Philosophe des sciences dans leur communication et leur interférence avec le mythe, la métaphysique, la littérature et l'histoire, Michel Serres a élargi son champ de réflexion dans Le parasite (Grasset), ouvrage toujours inventif, souvent surprenant, généralisant le concept de « bruit ». Michel Serres pense tenir avec le parasitage une logique rendant compte des évolutions naturelles comme des évolutions culturelles : de même que le microbe dérègle l'organisme, de même une relation à sens unique, sans retour, perturbe mortellement l'échange social. D'où le recours aux Fables de La Fontaine comme à des fictions où sont racontés les « bruits », où s'inscrit le mal : « Curieusement, les mœurs de ces loup, renard, lion, singe ou chat, rat ne sont jamais dans les récits, ou rarement, des manières de prédateurs, elles sont presque toujours des relations parasitaires. Sous couvert de l'attaque, du vol, de la force, sous le masque des grandes bêtes, le rapport simple de convive abusif reparaît. Le parasitologue parle irrépressiblement sous l'apologue. » Parasite : ce qui à la fois gêne la communication et montre que « l'homme est un pou pour l'homme ».

Mutation

Et il est d'ailleurs intéressant de remarquer combien certains intellectuels parmi les plus renommés se plaisent à « parasiter », si l'on ose dire, les cadres habituels de la recherche universitaire, à faire circuler tous les genres de théories pour appréhender cette fin du xxe siècle. Jean-François Lyotard, un habitué de ces dérives, ce qui l'avait conduit à écrire une Économie libidinale, s'interroge dans La condition post-moderne (Minuit) sur les mutations en cours : « Depuis quarante ans, les sciences et les techniques dites de pointe portent sur le langage : la phonologie et les théories linguistiques ; les problèmes de la communication et la cybernétique, les algèbres modernes et l'informatique, les ordinateurs et leur langage, les problèmes de traduction des langages et la recherche des compatibilités entre langages-machines, les problèmes de mise en mémoire et les banques de données, la télématique et la mise au point de terminaux intelligents, la « paradoxologie » : voilà des témoignages évidents et la liste n'est pas exhaustive. » Et voilà qui marque une évolution dans le statut du savoir.

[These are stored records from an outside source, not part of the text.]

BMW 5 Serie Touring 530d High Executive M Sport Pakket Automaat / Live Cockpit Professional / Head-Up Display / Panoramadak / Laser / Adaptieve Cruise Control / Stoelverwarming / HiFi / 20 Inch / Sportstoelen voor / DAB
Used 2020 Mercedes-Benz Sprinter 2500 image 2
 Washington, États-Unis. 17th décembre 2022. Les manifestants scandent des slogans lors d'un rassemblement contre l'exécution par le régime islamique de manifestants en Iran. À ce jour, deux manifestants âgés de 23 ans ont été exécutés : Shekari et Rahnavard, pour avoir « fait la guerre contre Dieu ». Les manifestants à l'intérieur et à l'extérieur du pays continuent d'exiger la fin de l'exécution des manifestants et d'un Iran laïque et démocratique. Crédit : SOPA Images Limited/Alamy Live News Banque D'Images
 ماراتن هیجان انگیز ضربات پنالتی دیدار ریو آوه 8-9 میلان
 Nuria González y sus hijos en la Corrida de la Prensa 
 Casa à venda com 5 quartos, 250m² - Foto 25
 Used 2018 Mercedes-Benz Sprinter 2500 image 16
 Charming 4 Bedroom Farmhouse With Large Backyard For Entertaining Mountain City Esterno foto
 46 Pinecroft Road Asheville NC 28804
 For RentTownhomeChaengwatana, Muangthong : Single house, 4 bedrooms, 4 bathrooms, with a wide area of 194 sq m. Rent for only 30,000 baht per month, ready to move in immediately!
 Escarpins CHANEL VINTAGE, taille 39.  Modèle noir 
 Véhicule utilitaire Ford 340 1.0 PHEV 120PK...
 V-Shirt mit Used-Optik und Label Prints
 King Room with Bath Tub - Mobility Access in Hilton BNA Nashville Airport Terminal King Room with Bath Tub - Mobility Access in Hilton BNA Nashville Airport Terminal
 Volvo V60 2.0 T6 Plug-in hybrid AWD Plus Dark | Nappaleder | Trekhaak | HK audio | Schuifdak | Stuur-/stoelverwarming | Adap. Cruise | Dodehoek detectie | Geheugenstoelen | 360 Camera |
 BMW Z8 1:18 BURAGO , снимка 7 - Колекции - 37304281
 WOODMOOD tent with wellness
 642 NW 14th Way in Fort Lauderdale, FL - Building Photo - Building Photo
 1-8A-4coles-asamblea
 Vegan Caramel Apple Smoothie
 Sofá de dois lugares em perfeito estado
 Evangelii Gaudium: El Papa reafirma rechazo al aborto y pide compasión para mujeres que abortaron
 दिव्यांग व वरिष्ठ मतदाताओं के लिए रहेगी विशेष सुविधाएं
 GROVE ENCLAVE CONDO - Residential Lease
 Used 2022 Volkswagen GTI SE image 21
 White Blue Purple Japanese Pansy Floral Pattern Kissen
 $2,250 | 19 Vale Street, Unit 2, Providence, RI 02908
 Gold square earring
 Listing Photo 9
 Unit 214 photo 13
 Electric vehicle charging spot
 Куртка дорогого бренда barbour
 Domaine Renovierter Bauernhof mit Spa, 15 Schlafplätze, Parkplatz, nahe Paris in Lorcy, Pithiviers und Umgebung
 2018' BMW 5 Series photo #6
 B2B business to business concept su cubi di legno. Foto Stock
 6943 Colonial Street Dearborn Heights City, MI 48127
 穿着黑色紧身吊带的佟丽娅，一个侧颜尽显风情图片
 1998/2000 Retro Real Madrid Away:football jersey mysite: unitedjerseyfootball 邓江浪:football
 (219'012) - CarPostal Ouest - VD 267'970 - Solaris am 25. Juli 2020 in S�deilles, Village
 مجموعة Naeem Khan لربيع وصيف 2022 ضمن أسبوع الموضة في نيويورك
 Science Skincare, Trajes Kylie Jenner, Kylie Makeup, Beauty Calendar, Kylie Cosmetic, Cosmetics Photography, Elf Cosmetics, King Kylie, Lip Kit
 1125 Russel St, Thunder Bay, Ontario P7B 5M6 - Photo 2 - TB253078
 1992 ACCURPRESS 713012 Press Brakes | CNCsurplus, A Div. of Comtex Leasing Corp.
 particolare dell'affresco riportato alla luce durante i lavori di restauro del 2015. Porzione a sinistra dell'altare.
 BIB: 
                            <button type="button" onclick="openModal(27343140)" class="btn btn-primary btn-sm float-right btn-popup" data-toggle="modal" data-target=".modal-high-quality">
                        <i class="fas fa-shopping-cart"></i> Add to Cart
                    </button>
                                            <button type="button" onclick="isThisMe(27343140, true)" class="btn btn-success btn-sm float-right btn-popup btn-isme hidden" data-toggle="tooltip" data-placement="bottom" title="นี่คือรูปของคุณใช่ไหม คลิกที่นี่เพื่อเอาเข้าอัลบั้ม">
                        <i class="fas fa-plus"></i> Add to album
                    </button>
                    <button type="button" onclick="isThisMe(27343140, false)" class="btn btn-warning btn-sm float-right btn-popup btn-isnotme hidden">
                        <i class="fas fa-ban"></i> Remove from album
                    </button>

Mais quelle est la légitimité de tous ces nouveaux énoncés, alors même que l'âge postmoderne se caractérise par le dépérissement des grands récits et des grandes croyances, Travail, Famille, Progrès, Société sans classes ? Conscient des risques engendrés par les technologies de l'information, leur « performativité » signifiant plus de contrôle et plus de profit, Lyotard parie néanmoins pour cette « sensibilité aux différences » que permettent les mille pratiques de ces jeux de langages.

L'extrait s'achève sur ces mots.